Wednesday, November 29, 2023

‘Portraits of what it means to be alive today’ / How we chose the 2023 Booker prize shortlist

 



‘No one voice dominates’ … from top left: Sarah Bernstein, Paul Lynch and Chetna Maroo. Bottom row from left: Paul Murray, Jonathan Escoffery and Paul Harding.

Analysis

‘Portraits of what it means to be alive today’: how we chose the 2023 Booker prize shortlist


Esi Edugyan
Thursday 21 September 2023

Any conversation about what reflects the best of world literature necessarily becomes a referendum on what literature can and should do. As chair of judges for this year’s Booker prize, I think it’s safe to say the conversations between my fellow judges and I were never dull. Adjoa Andoh, Mary-Jean Chan, James Shapiro and Robert Webb and I spoke for hours to decide on our shortlist, always going overtime. What, we asked ourselves, made a book great? Was it extraordinary prose? An uncanny vision? Was it even something definable or some more ineffable quality?

The debates were often enthralling: sometimes intimate, sometimes contentious, never short of brilliant. We brought to the task a range of tastes and disciplines, which no doubt shaped our perspectives – indeed, on our own, we might have produced five different lists – but this speaks to the health and vibrancy of the literary climate. We were reminded of the many varieties of human experience, of life’s boundlessness, and above all of the miraculous capacity we have within us for change.
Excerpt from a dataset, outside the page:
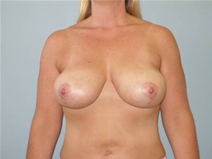 Breast Lift After Photo by Richard Wassermann, MD, MPH, FACS; Columbia, SC - Case 21953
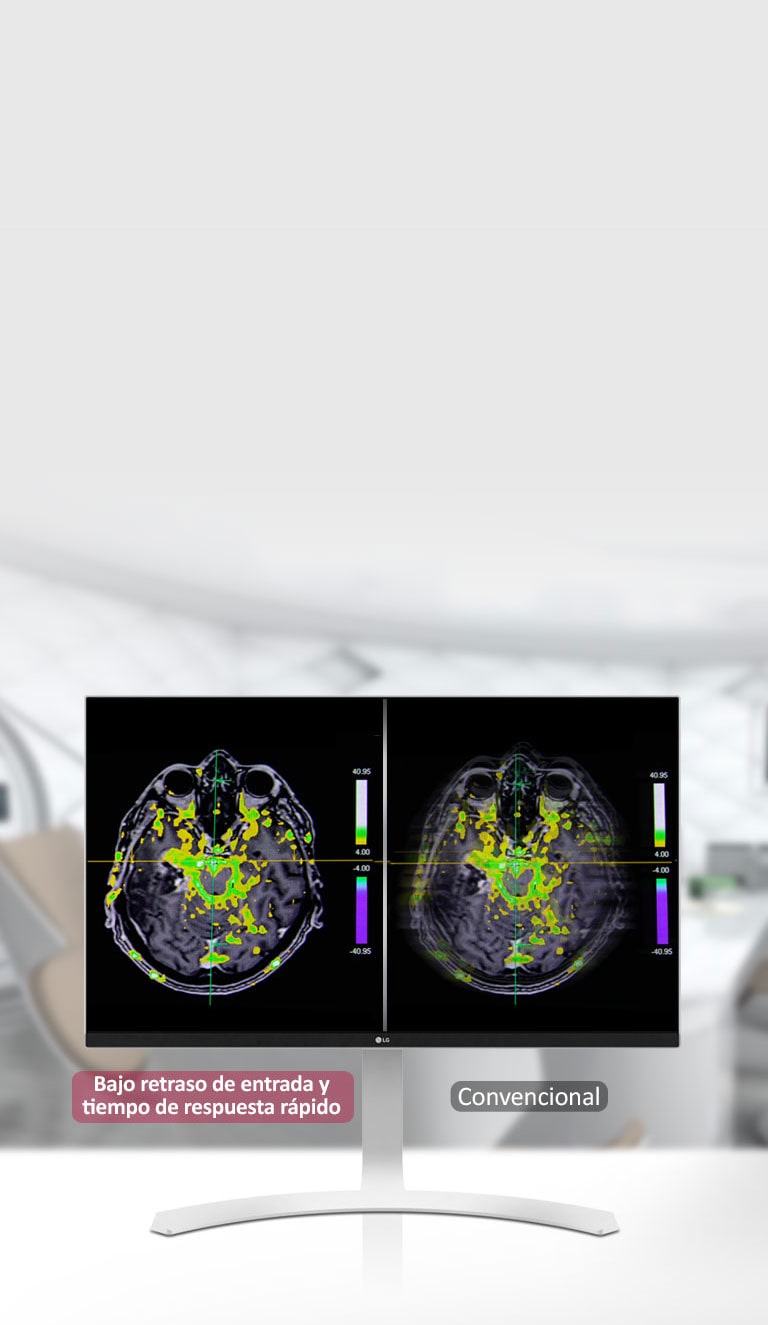 Tiempo de respuesta rápida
This year’s novels offer a full range of lived experience, and make for an exciting shortlist. Sarah Bernstein’s Study for Obedience is an absurdist, darkly funny novel about a woman arriving in an unnamed town where her ancestors have been persecuted. It has the uncanny charm of feeling like both a historical work – with its pastoral settings, petty superstitions, and suspicious villagers – yet also something bracingly modern. In this way it draws a link between a past we would like to believe is behind us and our very charged present. In Jonathan Escoffery’s astonishingly assured debut, If I Survive You, Topper and Sanya leave the trials of 1970s Jamaica to build new lives in Miami with their sons Delano and Trelawney. As they attempt to survive the US and each other, the piece becomes a study of identity and lost possibilities. Based on a little-known history, Paul Harding’s This Other Eden is a lovely hymn transporting us to the hardscrabble colony of Apple Island, off the coast of Maine, settled by enslaved Africans, Irish immigrants and Indigenous peoples. The arrival of a well-intentioned preacher brings with it the unwelcome attention of the world at large, to catastrophic ends. We were lulled by the delicate symphony of language in which Harding tells his story.
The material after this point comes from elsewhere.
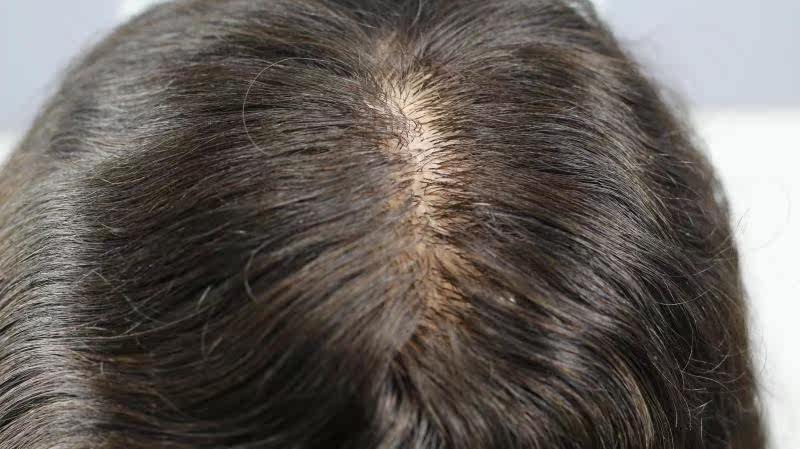 Extension mèches - Ref 218115 Image 15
Paul Lynch’s Prophet Song vividly renders Eilish Stark’s attempts to protect her family as Ireland slides further and further into totalitarianism. It is a tender, at times shocking novel told in gorgeous prose. Far from didactic, the book warns of the precarity of democracies and the ugly possibilities of what might lie beyond. In Western Lane, Chetna Maroo skillfully uses squash as both framework and metaphor to explore a family’s grief in the face of their matriarch’s death. The language is crystalline, distilled to its essence, and utterly evocative. It’s a performance that stays with you. Finally, there is Paul Murray’s wonderful saga The Bee Sting. Set in the Irish Midlands, this family drama, told from multiple perspectives, gets at the impossibility of ever truly knowing anyone. It brilliantly explores how our self-deceptions ultimately catch up with us, and is at once hilarious and heartbreaking.

Being asked to judge this year’s Booker prize was an enormous honour. Having been shortlisted in the past, I understand first-hand its impact, its singular ability to highlight writers from far-flung parts of the globe and connect new readers with their work. This was an endeavor I didn’t take on lightly. Our shortlist contains works that transport us not just outside reality but outside the common language of the every day. The books refuse easy characterisation. No one voice, no one vision dominates. There are terrors here, just as there are pleasures, sorrows, joys, consolations. Together, they leave us with a multilayered portrait of what it means to be alive today. What each title does so beautifully, and utterly in its own fashion, is show us that no matter the outcome, the human journey is always one of resilience.